When recreating her conversation with her father, Cassandre seems to be in an alternate state of consciousness, but that's a pretty difficult thing to convey when you have musicians behind you, taking in deep breaths, smiling quietly, stealing glances at you, turning pages of their music notes not loudly but definitely audibly (essentially breaking character), having two performances occurring at the same time can only be distracting. If both are competing for the audience's attention, it's a non-zero sum situation. One performance will win. And one will lose.

I shan't be the one to choose, though. while both performances were synchronized nicely, it still seemed forced. I did have a clear favorite though. Cassandre is bathedÑ- or rather inundated in -- a white light that doesn't quite manage to look ethereal. The lighting only emphasized her pallor.
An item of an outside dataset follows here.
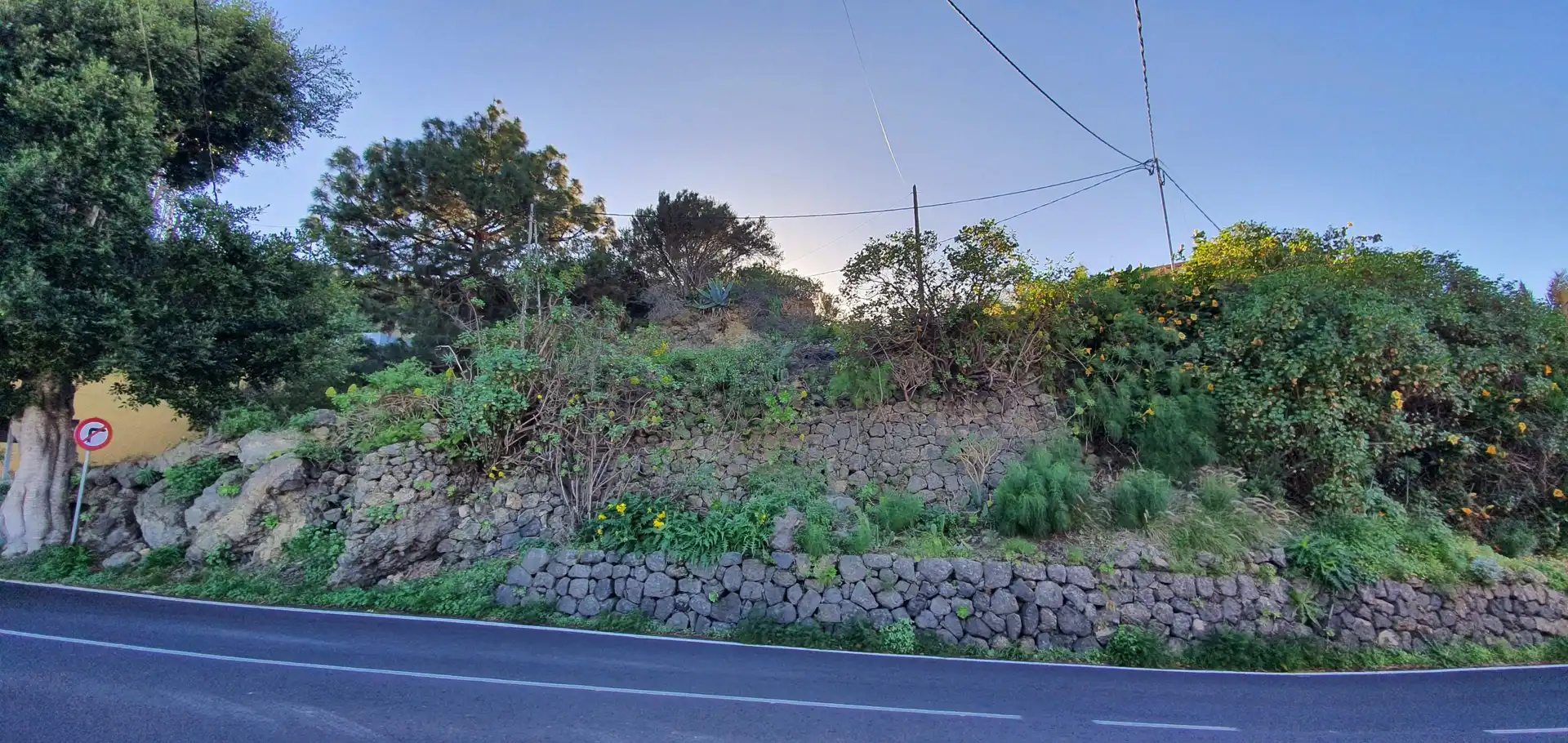 Terreno residenziale in vendita a La Guancha, imagen 6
Cassandra looked less and less like the cursed beauty Greek mythology intended her to be, and more and more like Glenn Close circa Fatal Attraction. The musicians behind her looked yellow. It didn't matter if the musicians looked the part, though. The French horn bellowed when Cassandra was outraged, announcing her troubles to the world. The contrabassoon's vibrating moans paralleled Cassandra's own, and the high-pitched shrills of the oboe rivaled those of Sukowa. Trigger words like the "nape of her neck" would give way to an influx of smooth violin sounds, thick and milky. And -- my cup runneth over -- any mention of Achilles prompted an almost musical epithet, led by music that was salty, poppy and heroic.
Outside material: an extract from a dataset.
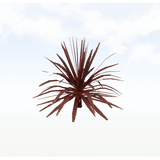treeq009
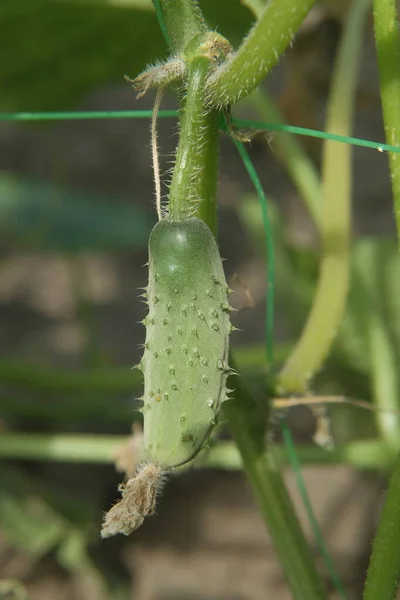 Ripe Juicy Cucumber Bed — Stock Photo, Image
Perhaps it would have been different if the audience had been allowed to feel the desired range of emotions for themselves, and not had every conceivable adjective for "horror" shoved down their throats. Even spoken lines like "anyone who doesn't side with us now is against us" seemed to be politically charged. Of course they had a right to be, but in a time where parallels to the Bush administration have become common in popular culture, claiming that you "can't win a war against a phantom" seem frail and fuzzy.

So, which came first? The orchestra's music or Cassandre's misery? The true question, is not which came first, but whether the St. Louis Symphony Orchestra's decision to allow both to coexist in one stage, with one audience whose members had only one pair of ears and one pair of eyes each, was a wise one. Perhaps the performance was full of too many conflicting edges to allow me to come up with just one clear answer.